*Task description:* What is needed is a word-for-word copy of the listing below, without pictures.

*Provided material:*

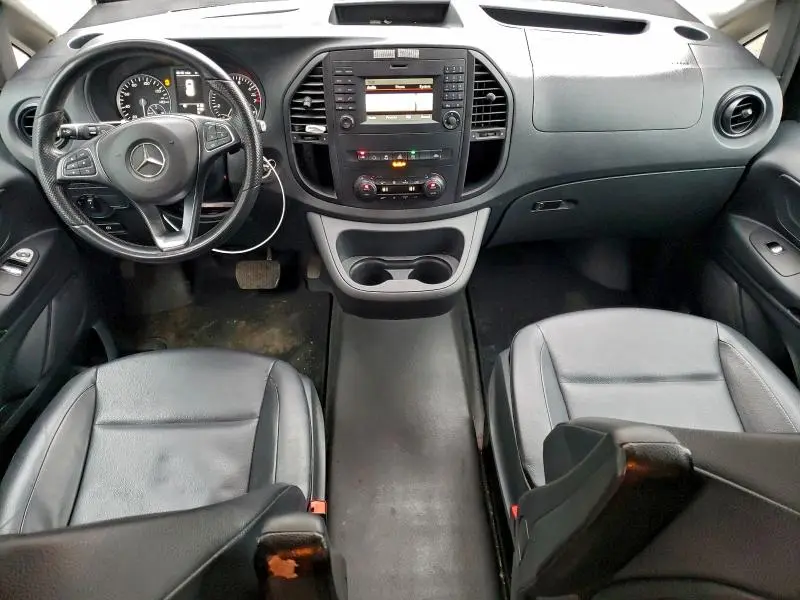 2019 MERCEDES-BENZ METRIS   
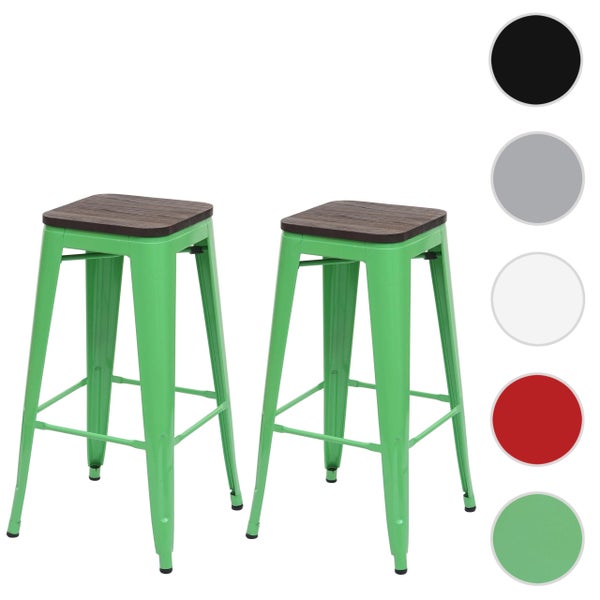 Zwei grüne Barhocker mit Holzsitzen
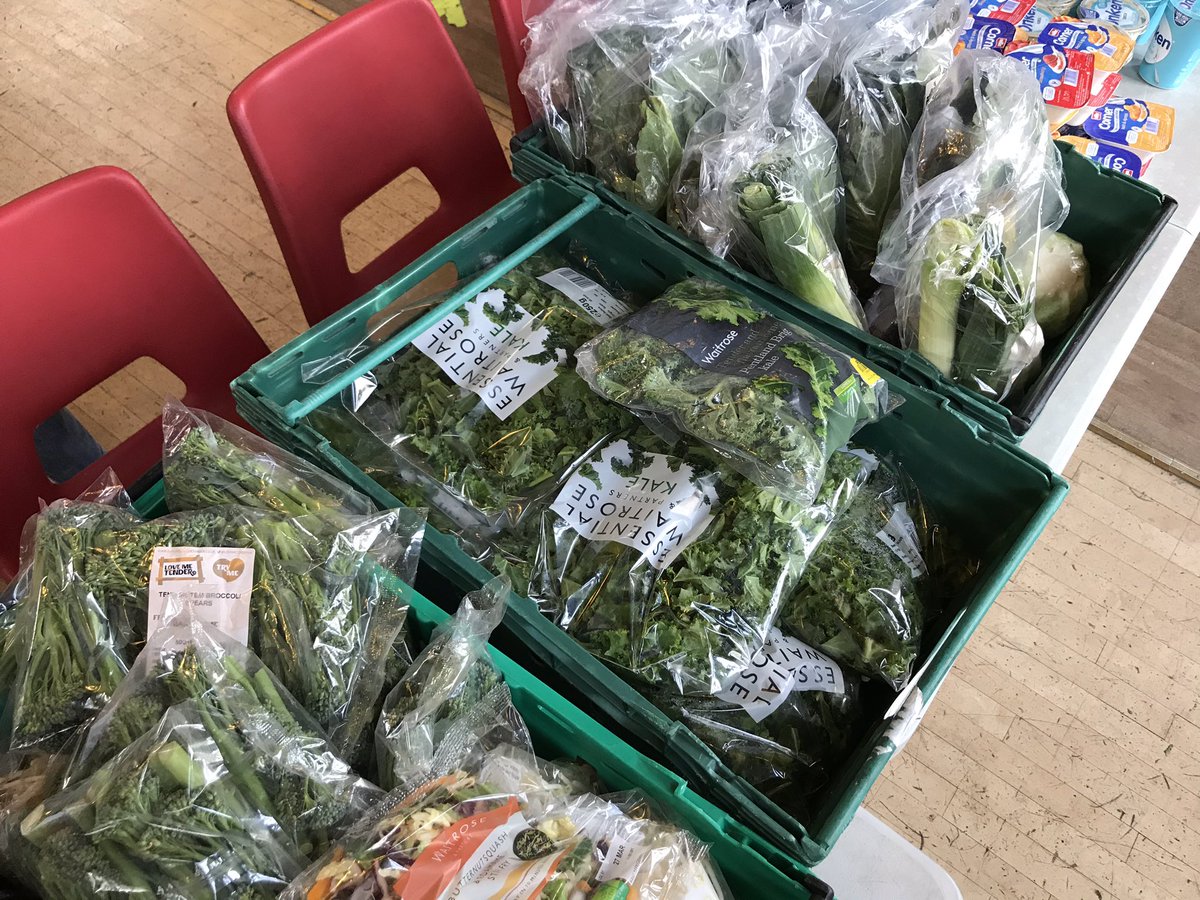 CommFoodHub's tweet image. So much fresh fruit and veg today! Ready to distribute to our service users 🌈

*The answer:*
 2019 MERCEDES-BENZ METRIS   
 Zwei grüne Barhocker mit Holzsitzen
 CommFoodHub's tweet image. So much fresh fruit and veg today! Ready to distribute to our service users 🌈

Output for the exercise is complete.